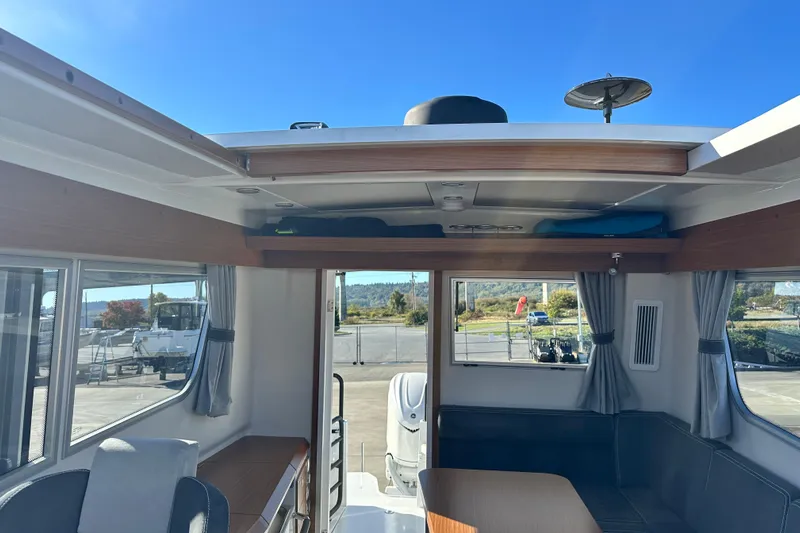  Yacht Photos Pics Interior of 2025 Sargo 31OB boat with seating and windows.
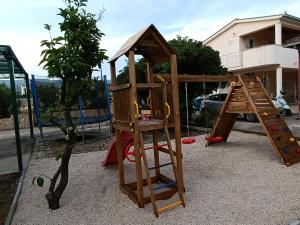 a playground with a wooden play structure next to a tree at Apartments Kairos - Bili 9 in Kaštela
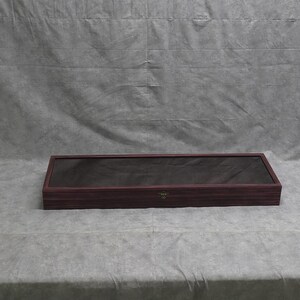 May include: A dark wood display case with a glass top. The case has a hinged lid and a lock.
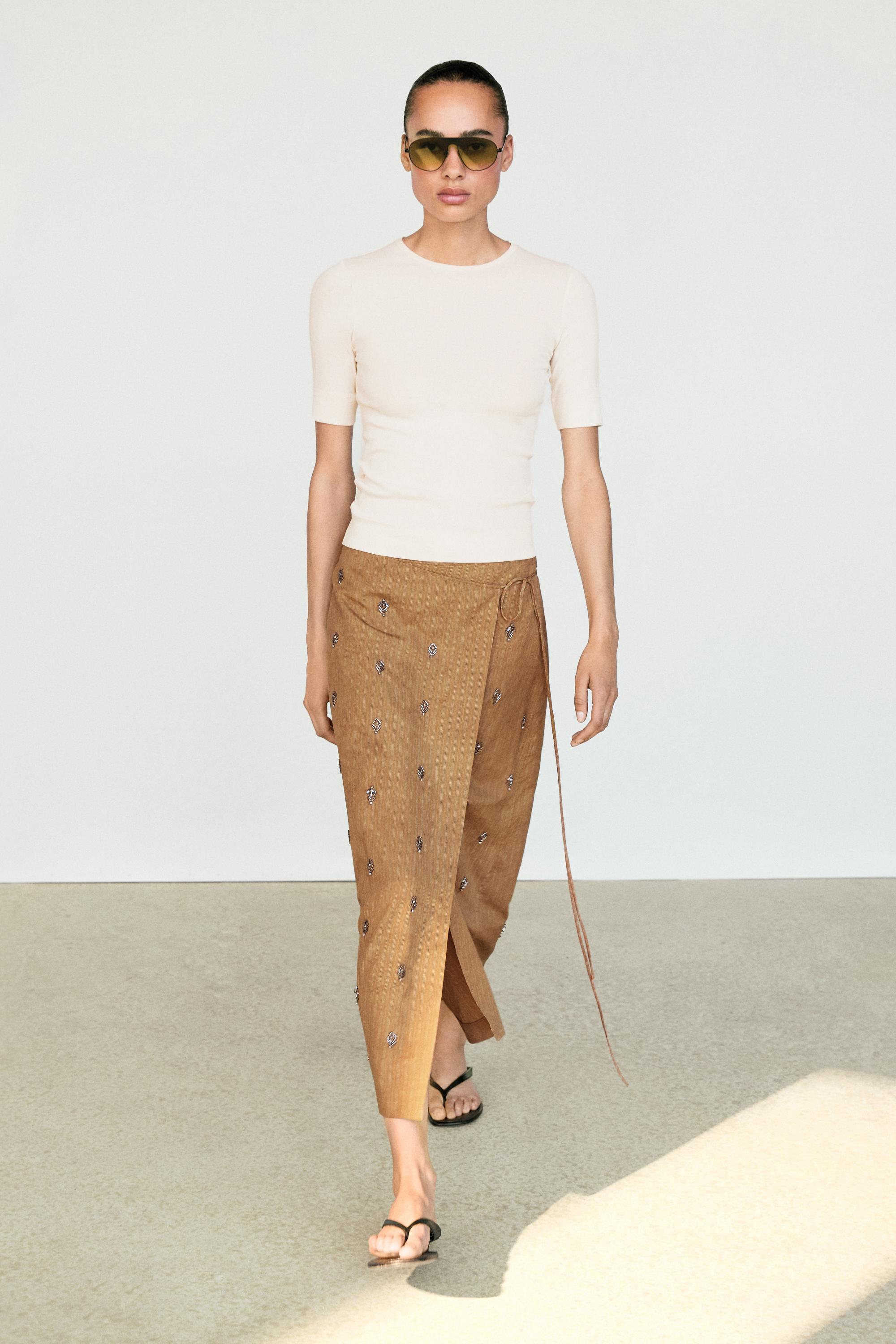 Midi pareo skirt with appliqués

### [WHAT TO WORK ON]
What is needed is the whole listing again, exactly as written, with the images left out.

### [ANSWER FOR THE TASK]
  Yacht Photos Pics Interior of 2025 Sargo 31OB boat with seating and windows.
 a playground with a wooden play structure next to a tree at Apartments Kairos - Bili 9 in Kaštela
 May include: A dark wood display case with a glass top. The case has a hinged lid and a lock.
 Midi pareo skirt with appliqués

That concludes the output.